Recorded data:
────────────────────
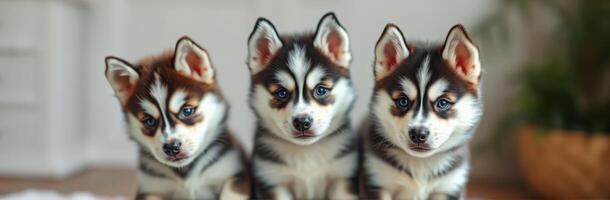 Cute puppies sitting indoors with playful expressions enjoying their time together photo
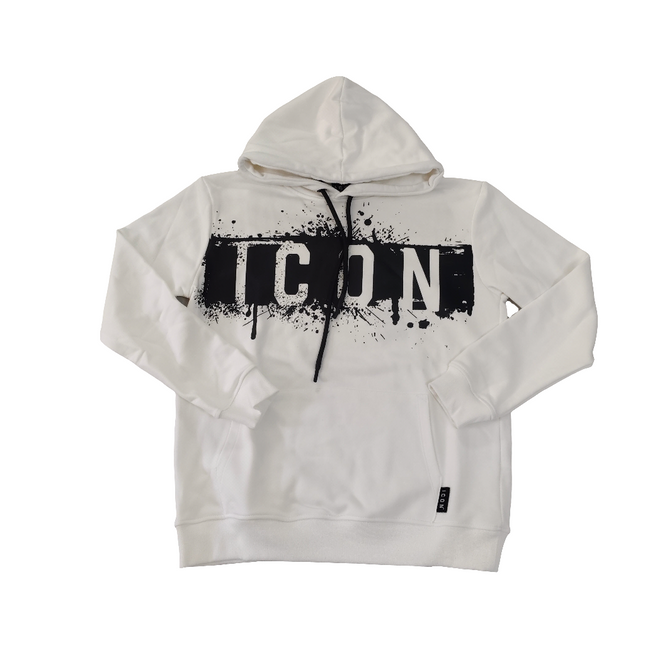 Felpa icon bianca con stampa nera effetto schizzo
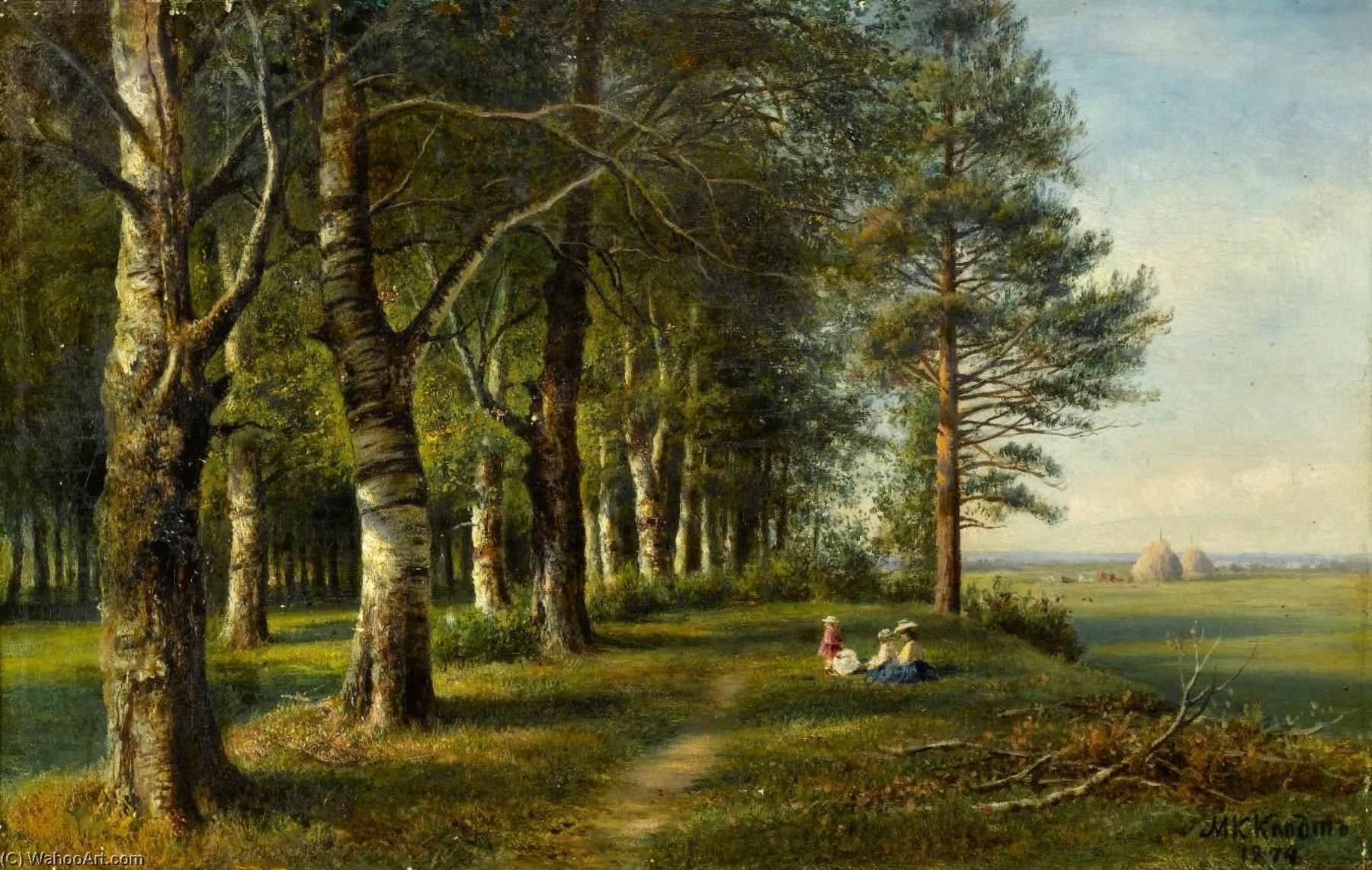 Wikioo.org - The Encyclopedia of Fine Arts - Painting, Artwork by Mikhail Konstantinovich Klodt - Under the Birch Trees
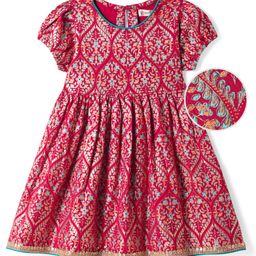 EARTHY TOUCH Single Jersey Knit Half Sleeves Ethnic Dress With Foil Print - Red-image-98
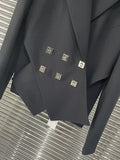Fashion Women's Blazer Notched Collar Double Breasted Long Sleeve Spliced Metal Buckle Suit Jackets Spring 2023 New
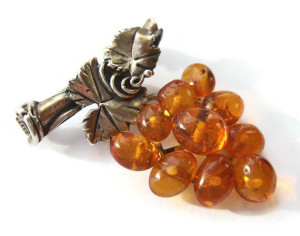 Baltic amber and sterling silver brooch, for sale in my Etsy shop. Click for details.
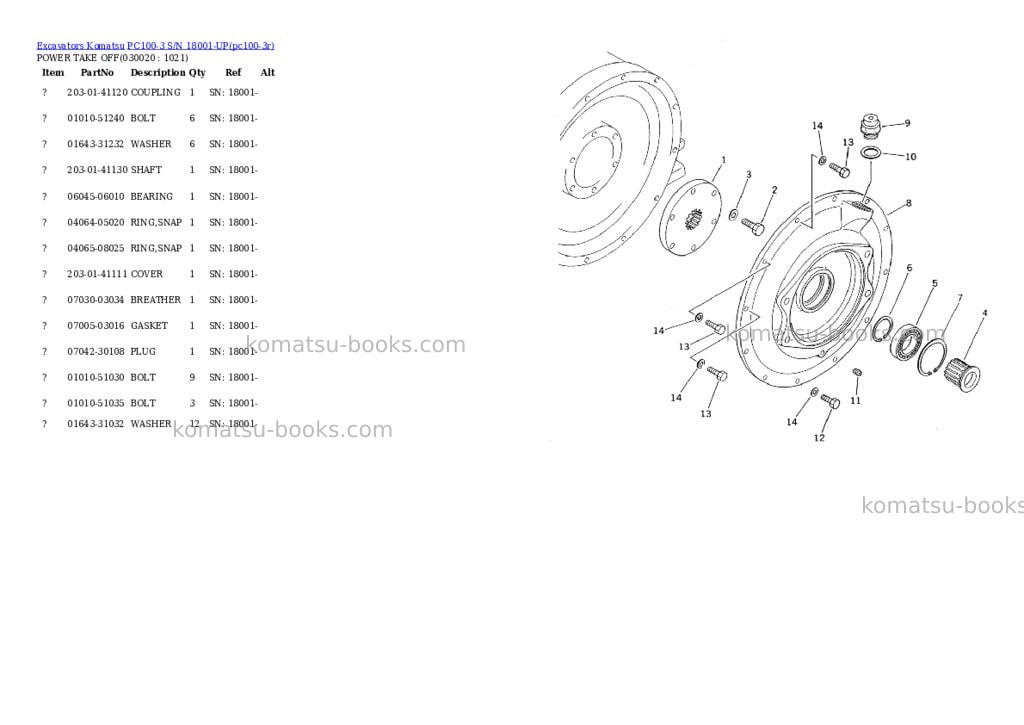 Komatsu pc100-3 s/n 18001-up Parts catalog cover Komatsu pc100-3 s/n 18001-up Parts catalog cover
────────────────────
§ Your assignment
The records must be restated word for word, apart from any images.

§ Exercise output
 Cute puppies sitting indoors with playful expressions enjoying their time together photo
 Felpa icon bianca con stampa nera effetto schizzo
 Wikioo.org - The Encyclopedia of Fine Arts - Painting, Artwork by Mikhail Konstantinovich Klodt - Under the Birch Trees
 EARTHY TOUCH Single Jersey Knit Half Sleeves Ethnic Dress With Foil Print - Red-image-98
Fashion Women's Blazer Notched Collar Double Breasted Long Sleeve Spliced Metal Buckle Suit Jackets Spring 2023 New
 Baltic amber and sterling silver brooch, for sale in my Etsy shop. Click for details.
 Komatsu pc100-3 s/n 18001-up Parts catalog cover Komatsu pc100-3 s/n 18001-up Parts catalog cover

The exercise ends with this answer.